The OpenSocial roadmap

Google's Joe Kraus provides an update on OpenSocial, the set of APIs rolled out late last year for creating applications that can access friends and feeds from social networks.

Dan Farber
3 min read

On November 1, 2007, Google launched OpenSocial, a set of APIs that leverage JavaScript and HTML for creating applications that access friends and update feeds from any compliant social network. Nearly 10 months later, Google is touting the maturation of the OpenSocial specification and growing developer and user adoption.

At this juncture OpenSocial version 0.7 has an addressable market of more than 300 million social network users, including the social networks that have delivered OpenSocial applications or are actively developing them, according to Joe Kraus, Google's director of product management. Friendster, which claims 75 million users including 55 million in Asia, recently unleashed OpenSocial for its developer community. Hi5 has more than 1,800 OpenSocial-compliant applications and 66 million installations, according to platform architect Paul Lindner. Hi5 has nearly 60 million users, with 80 percent outside the U.S., according to ComScore.

Overall, Kraus said that there are more than 4,500 OpenSocial applications and 150 million installs. In comparison, Facebook, which has so far eschewed OpenSocial, has more than 30,000 applications and 700 million installs.

"We expect to reach 500 million OpenSocial users by the end of the quarter. It's also very international, as social networking is a global phenomenon," Kraus said.

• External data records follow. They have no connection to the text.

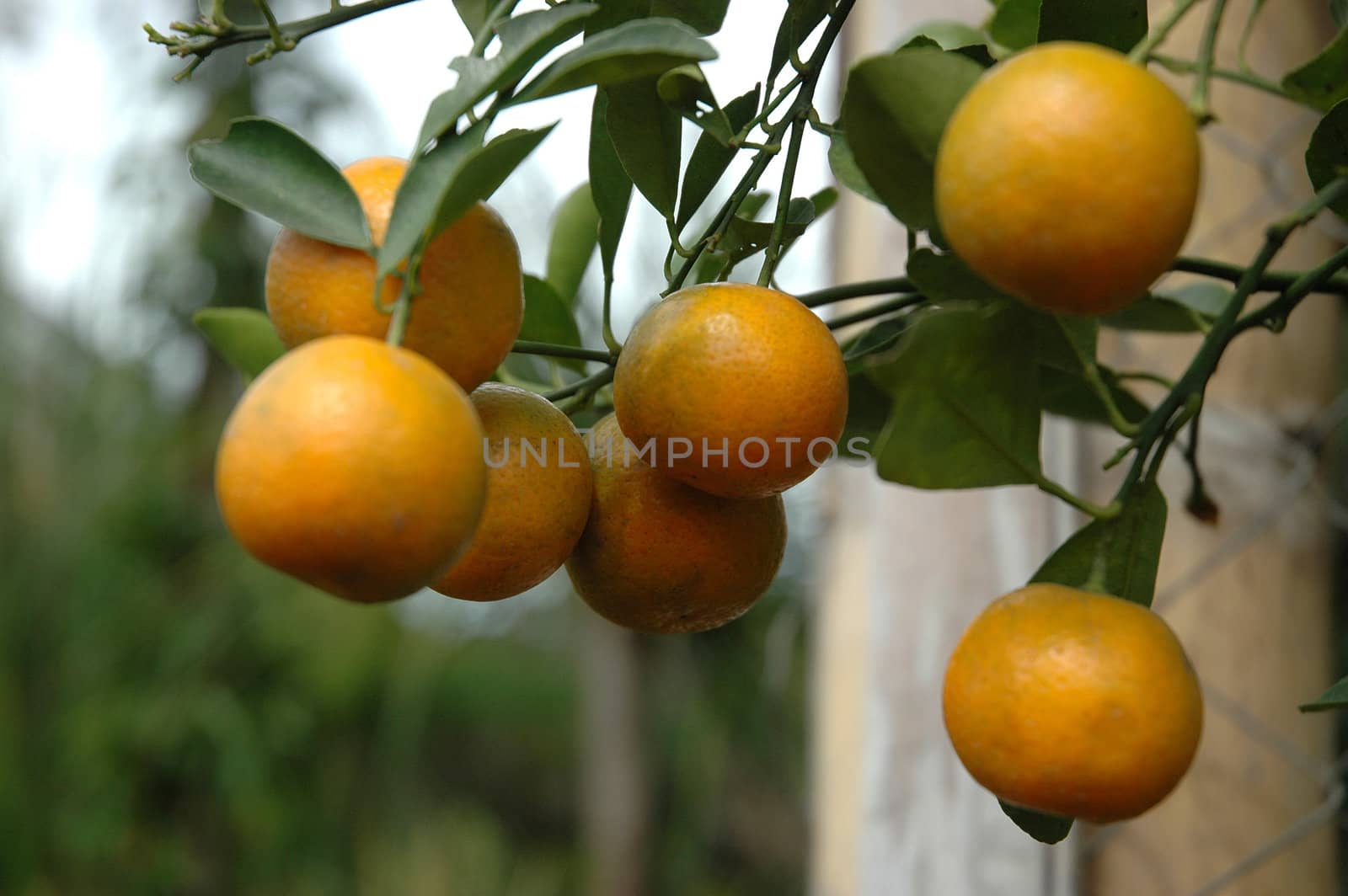 oranges hanging from an orange tree that growth well in tropical climate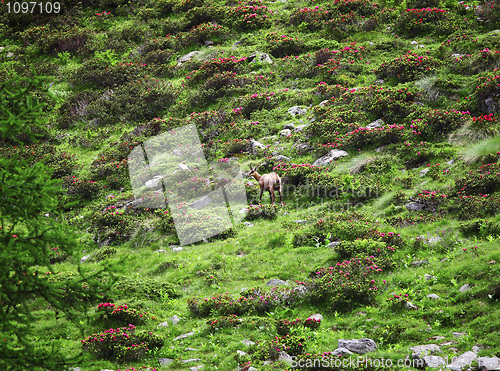 Image of wild chamois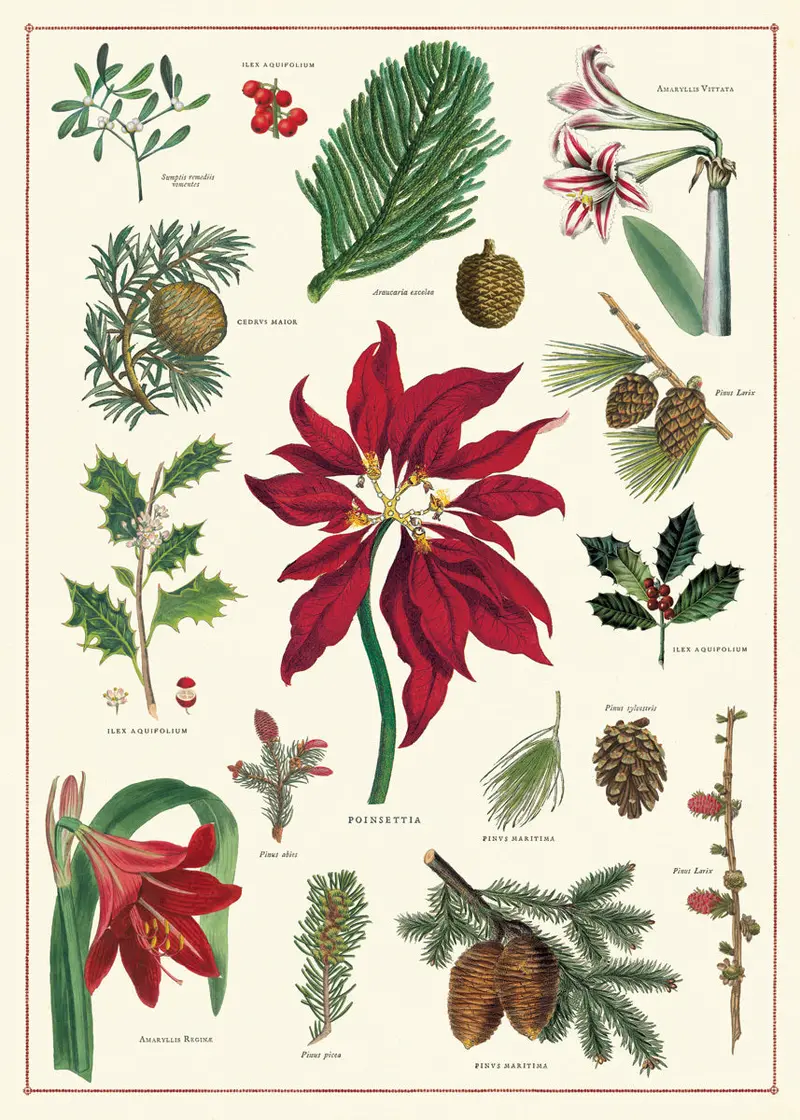Cavallini & Co. Christmas Botanica Decorative Paper 1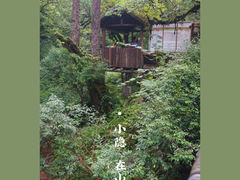 -碧峰峡风景区
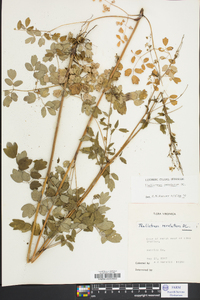 Thalictrum amphibolum image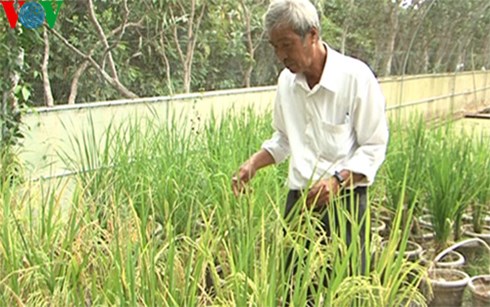PGS-TS Võ Công Thành tại trại thực nghiệm các giống lúa chịu mặn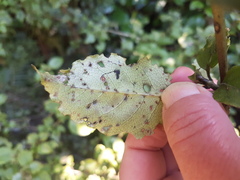 Coprosma tenuifolia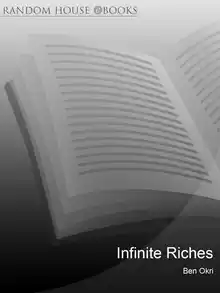Cover of Infinite Riches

The latest version of OpenSocial, 0.8, adds a number of new features that extend beyond its original JavaScript roots. "When we launched OpenSocial JavaScript was the center, but the community wants more choice. We agreed upon a RESTful API that gives access to the social bits and is already implemented in Apache Shindig and deployed by hi5 in beta," Kraus said. The OpenSocial RESTful API specification defines how servers, mobile devices, and desktop computers interact with OpenSocial containers without the need for JavaScript or direct user interaction.

"Hi5 launched with OpenSocial very early--January 1, 2008--and we ended up building the system, which had a lot of undefined pieces," Lindner said. "We had a lot of custom work with the REST endpoint so that applications could contact our server directly. As time went by all participants came up with one-offs, but now we are bringing it all together in the community with common types of solutions for these problems. Standardizing on a single specification will allow application developers to write code once and it will work on all different containers. We are already seeing others build on REST specification. Plaxo, for example, has enabled privacy-enabled exchange of contact info."

In addition, the OpenSocial community is working on compliance tools, such as an application that determines the level of compliance for a container.


The 0.9 version of OpenSocial will add templates and markup, making it easier to develop the user experience dimension for an application. "Templates and markup are now in discussion on public mailing lists, but we believe we are pretty close," Kraus said. Regarding when OpenSocial is deserving of a version 1.0 designation, Kraus said that the "community will make the call."

The community Kraus speaks of is the group of about 350 developers participating in the main discussion around the evolution of the open-source OpenSocial specification and reference implementation. Google obviously has major clout in the evolution of OpenSocial, but Kraus noted that just 10 percent of the major participants are from Google.

To further untether OpenSocial from its origins, Google has also proposed an OpenSocial Foundation, which would be a steward for ensuring the OpenSocial specification stays open and intellectual property and patent non-assertions are handled so that developers feel safe about using the code, Kraus said. An announcement about the OpenSocial Foundation is expected "really soon," Kraus added.

Google clearly has a vested interest in seeing OpenSocial succeed. As Google's Vic Gundotra explained at the November 2007 launch, OpenSocial makes good economic sense. "The more applications, the more usage. More users means more searches. And, more searches means more revenue for Google. The goal is to grow the overall market, not just to increase market share." Having the an open source community behind it will make Google's economic mission much easier.